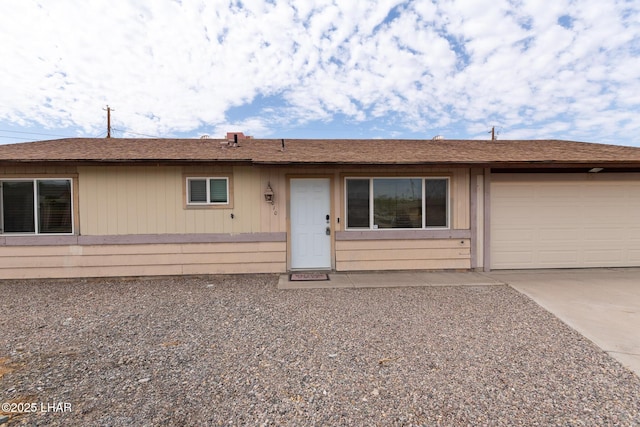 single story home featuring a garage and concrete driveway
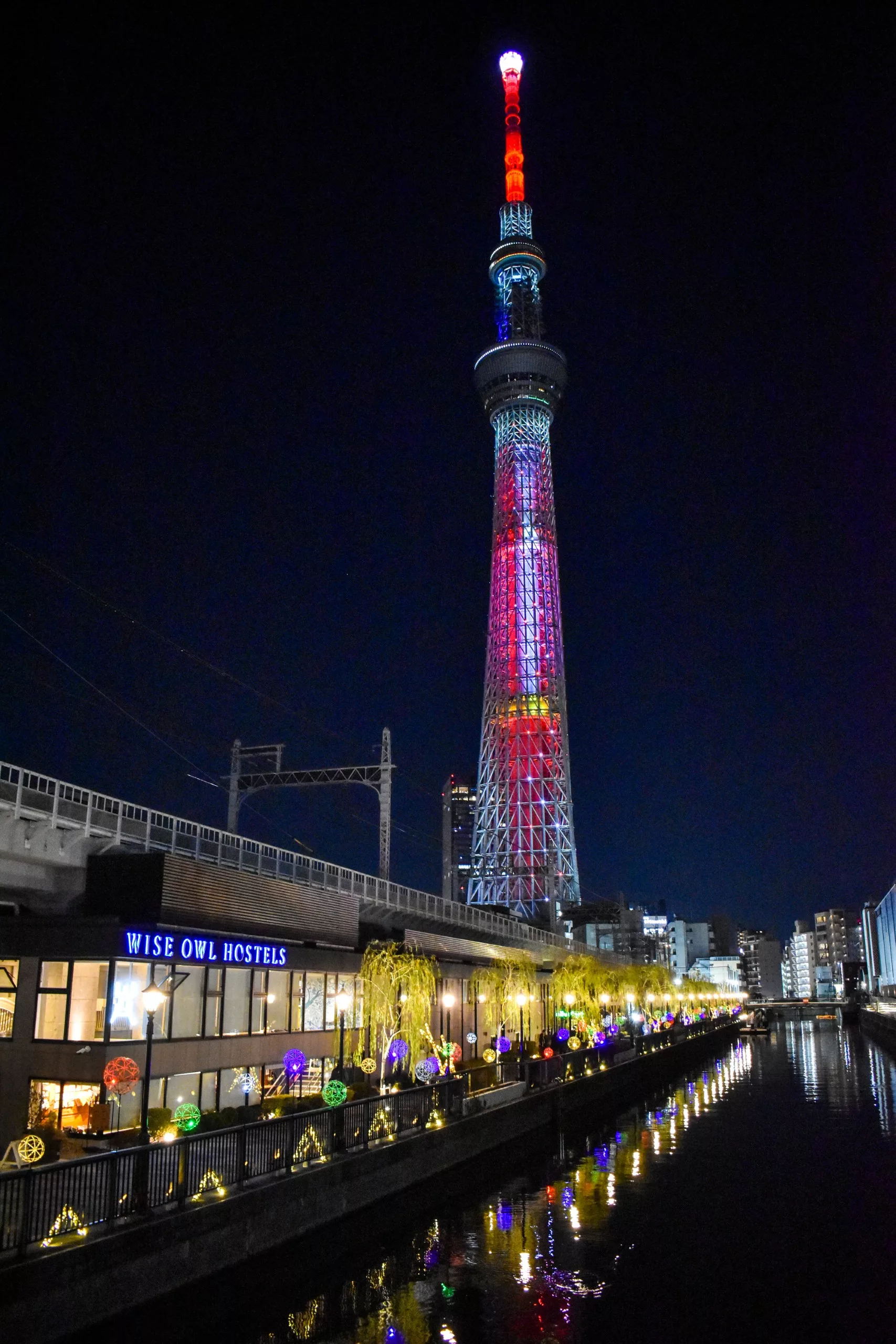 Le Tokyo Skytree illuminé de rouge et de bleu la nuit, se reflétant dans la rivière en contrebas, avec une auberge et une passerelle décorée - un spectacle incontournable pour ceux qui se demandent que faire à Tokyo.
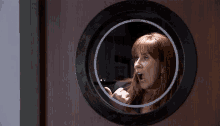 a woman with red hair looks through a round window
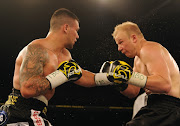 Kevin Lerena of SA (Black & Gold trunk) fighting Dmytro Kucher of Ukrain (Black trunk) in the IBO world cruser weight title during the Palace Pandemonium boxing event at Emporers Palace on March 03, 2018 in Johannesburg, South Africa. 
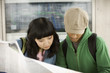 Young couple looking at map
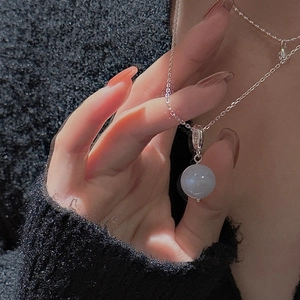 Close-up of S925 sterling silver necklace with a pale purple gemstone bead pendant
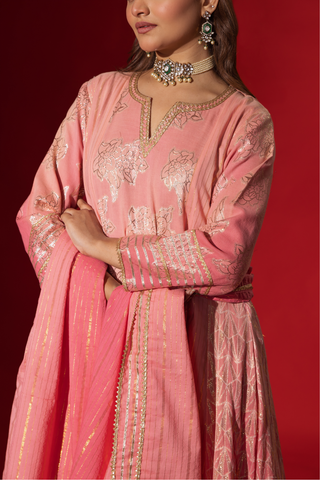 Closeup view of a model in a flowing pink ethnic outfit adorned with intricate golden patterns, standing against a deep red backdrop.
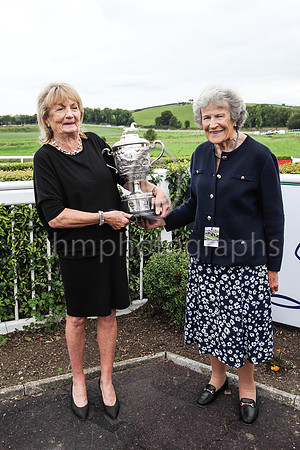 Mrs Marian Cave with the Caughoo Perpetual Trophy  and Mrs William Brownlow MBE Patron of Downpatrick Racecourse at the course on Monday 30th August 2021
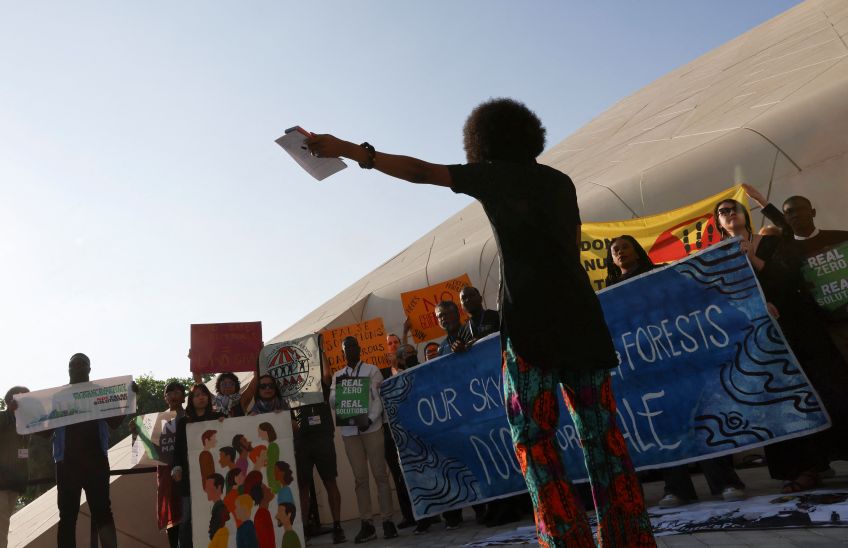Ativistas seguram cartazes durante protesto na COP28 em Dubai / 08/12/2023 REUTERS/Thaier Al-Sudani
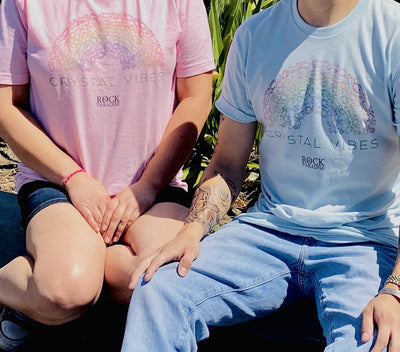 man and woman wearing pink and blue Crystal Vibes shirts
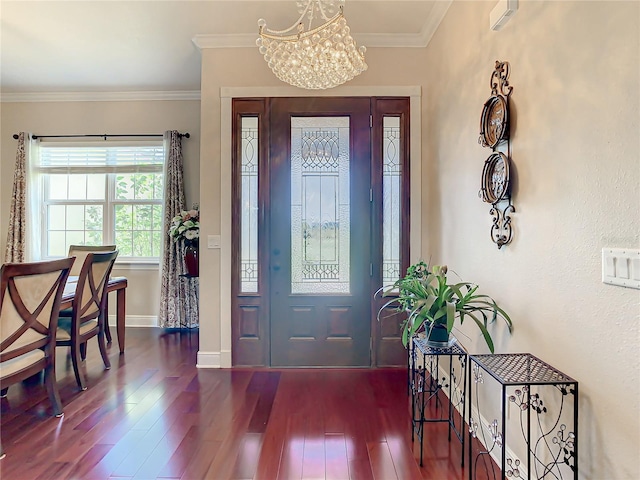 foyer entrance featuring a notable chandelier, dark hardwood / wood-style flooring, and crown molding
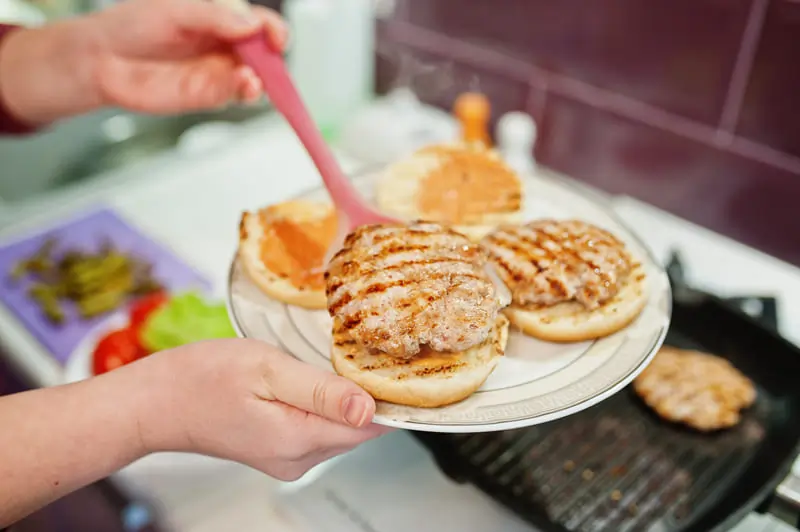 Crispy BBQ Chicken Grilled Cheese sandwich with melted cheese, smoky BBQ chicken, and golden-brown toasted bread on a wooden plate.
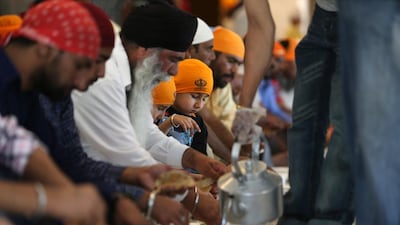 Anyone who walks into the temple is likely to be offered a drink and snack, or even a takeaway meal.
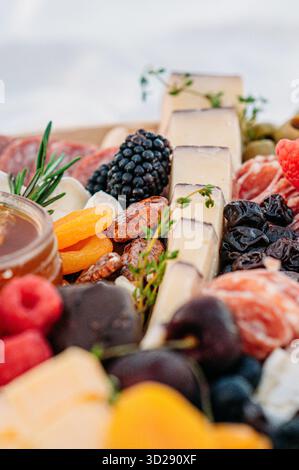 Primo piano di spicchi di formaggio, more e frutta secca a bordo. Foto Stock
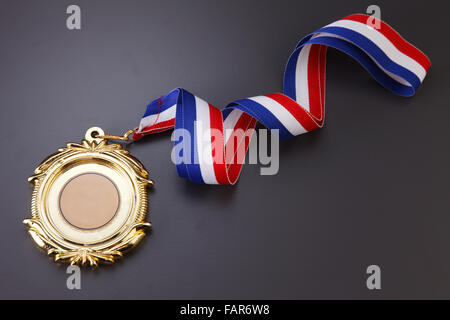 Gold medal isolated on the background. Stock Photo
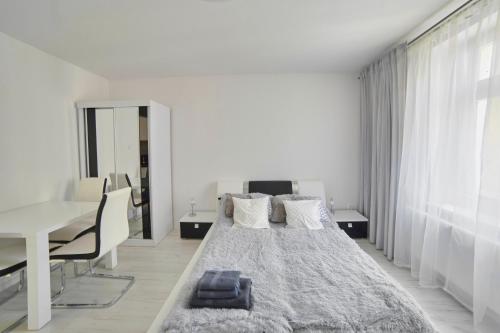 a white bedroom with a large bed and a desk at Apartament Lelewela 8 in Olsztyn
◇ ◇ ◇ ◇
> **Instructions for the task**: Once the line containing "foyer entrance featuring" is found, write it out exactly along with every line after it through the end of the listing, excluding pictures.

> **Answer to the problem**:
 foyer entrance featuring a notable chandelier, dark hardwood / wood-style flooring, and crown molding
 Crispy BBQ Chicken Grilled Cheese sandwich with melted cheese, smoky BBQ chicken, and golden-brown toasted bread on a wooden plate.
 Anyone who walks into the temple is likely to be offered a drink and snack, or even a takeaway meal.
 Primo piano di spicchi di formaggio, more e frutta secca a bordo. Foto Stock
 Gold medal isolated on the background. Stock Photo
 a white bedroom with a large bed and a desk at Apartament Lelewela 8 in Olsztyn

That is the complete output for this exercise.